(Berlin, July 30, 2020) Deutsche Bahn (DB) is investing record sums to tackle the Covid-19 pandemic and return to a path of growth. DB, like so many companies around the globe, has seen its financials hit hard by the pandemic, which caused revenues and profits to fall sharply in the first six months of 2020. DB closed out the first half of the year with adjusted earnings before interest and taxes (EBIT adjusted) of minus EUR 1.8 billion. Extraordinary effects driven mainly by an impairment at the subsidiary DB Arriva of EUR 1.4 billion have been recorded additionally, leading in total to an after taxes loss of EUR 3.7 billion in the first half of 2020.
DB and the German government remain committed to their long-term modernization and expansion program for rail in Germany; accordingly, capital expenditures continued to rise in the first half of 2020. Gross capital expenditures were at EUR 5.6 billion; net capital expenditures at EUR 2.8 billion. Those were record levels, and the highest half-year capital expenditure figures in DB's history.
Richard Lutz: "We are essential to the functioning of society"
"Covid-19 put an abrupt stop to the successful growth we were seeing, and plunged DB into the worst financial crisis in its history," said Dr. Richard Lutz, CEO and Chairman of the Management Board of DB, in Berlin. "But the virus has also shown how critically important rail is for Germany and Europe. We are essential to the functioning of society. Even in very difficult times, we keep people and goods moving." The Covid-19 pandemic had been a stress test for DB, said Lutz, and the company had passed this test, thanks to the Strong Rail strategy it put in place a year ago. "Rail is an eco-friendly form of transport, and we are working each and every day to shift more traffic to rail again," Lutz said. "We are continuing to invest, as clearly evidenced by the 30 new ICE trains we have purchased."
DB Group revenues fell 11.8%, to EUR 19.4 billion, in the first half of 2020. Just under 663 million passengers used DB's local, regional and long distance trains in Germany.

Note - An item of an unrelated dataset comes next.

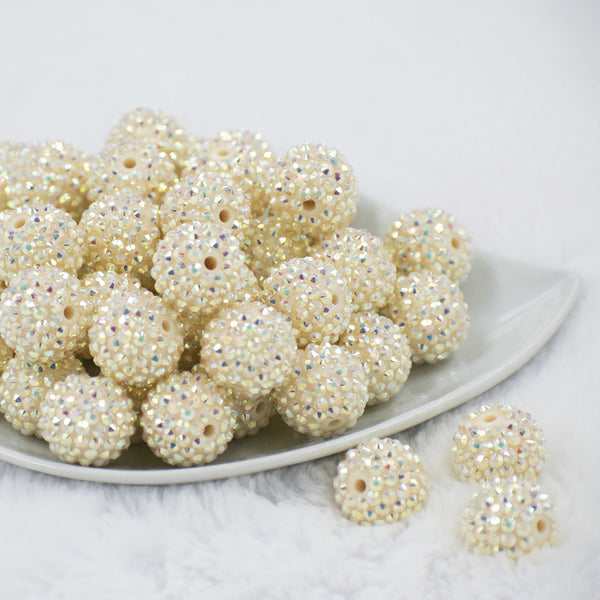Front view of a pile of 20mm Cream Rhinestone AB Bubblegum Beads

That was a drop of 37% compared to the first half of 2019, and it came despite the fact that DB had actually raised patronage considerably in January and February, due in part to a reduction in value added tax.
Volume sold in DB's long distance rail passenger business fell 44% in the first half of 2020, to just under 12 billion passenger kilometers. Volume sold was also down 41% in rail transport at DB Regional, and down close to 13% at DB Cargo. DB Cargo did transport more food and pandemic-related products but also faced serious challenges such as the temporary shutdown of a number of key industries.

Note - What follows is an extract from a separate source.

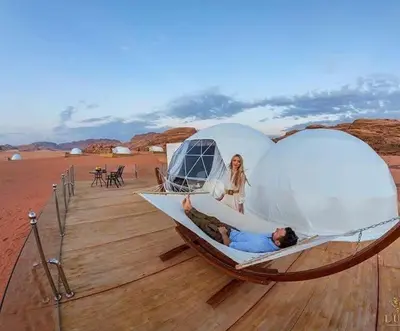 a man and woman laying in a hammock in a tent at Enjoy Camp Bubble Luxury with Jeep Tour in Wadi Rum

Germany loosened its Covid restrictions in late spring, and DB's core business has been seeing improvements since May.
Punctuality improved considerably compared to the first half of 2019. DB Long Distance delivered service punctuality of 83.5%, its highest half-year rate in 12 years. And the number of customers who said they were satisfied with service on their current journey was higher in June than in any month of the ten years before.

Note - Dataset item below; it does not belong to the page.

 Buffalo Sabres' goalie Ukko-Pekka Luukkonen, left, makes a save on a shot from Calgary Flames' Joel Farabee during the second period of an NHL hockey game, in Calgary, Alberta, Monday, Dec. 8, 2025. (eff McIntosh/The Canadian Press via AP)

Outside Germany, the picture was mixed. DB Arriva, DB Group's subsidiary for local passenger transport in Europe, had long been grappling with Brexit and with challenging developments on the British rail market. The Covid-19 pandemic, which came on top of these challenges, had a particularly serious impact on DB Arriva because the company does business in the UK, Italy, Spain and other countries that were hit especially hard. This situation ultimately made it necessary to make an impairment of EUR 1.4 billion at DB Arriva.
DB Schenker, DB Group's international logistics subsidiary, has done well in the crisis, despite falling revenues. DB Schenker was able to demonstrate its importance to global supply chains, and the company lifted adjusted earnings before interest and taxes to EUR 278 million, an increase of 16.8% year on year.
CFO Holle: "We want to shape the future, not cut costs at its expense"
DB continued to hire new people at record levels in the first half of the year, accepting roughly 19,000 applicants. Investment in infrastructure and rolling stock was also at record levels. "This testifies to a commitment we share with the German government," said Dr. Levin Holle, DB's CFO. "It is a commitment to climate protection and growth. We want to shape the future, not cut costs at its expense."
It will take some time for DB's investment in growth to become visible in the company's bottom line. DB expects adjusted losses before interest and taxes of up to EUR 3.5 billion for 2020 as a whole. That would be the highest operating loss in the Group's history. Revenues could sink as low as EUR 38.5 billion in 2020. The uncertainty associated with such forecasts remains high.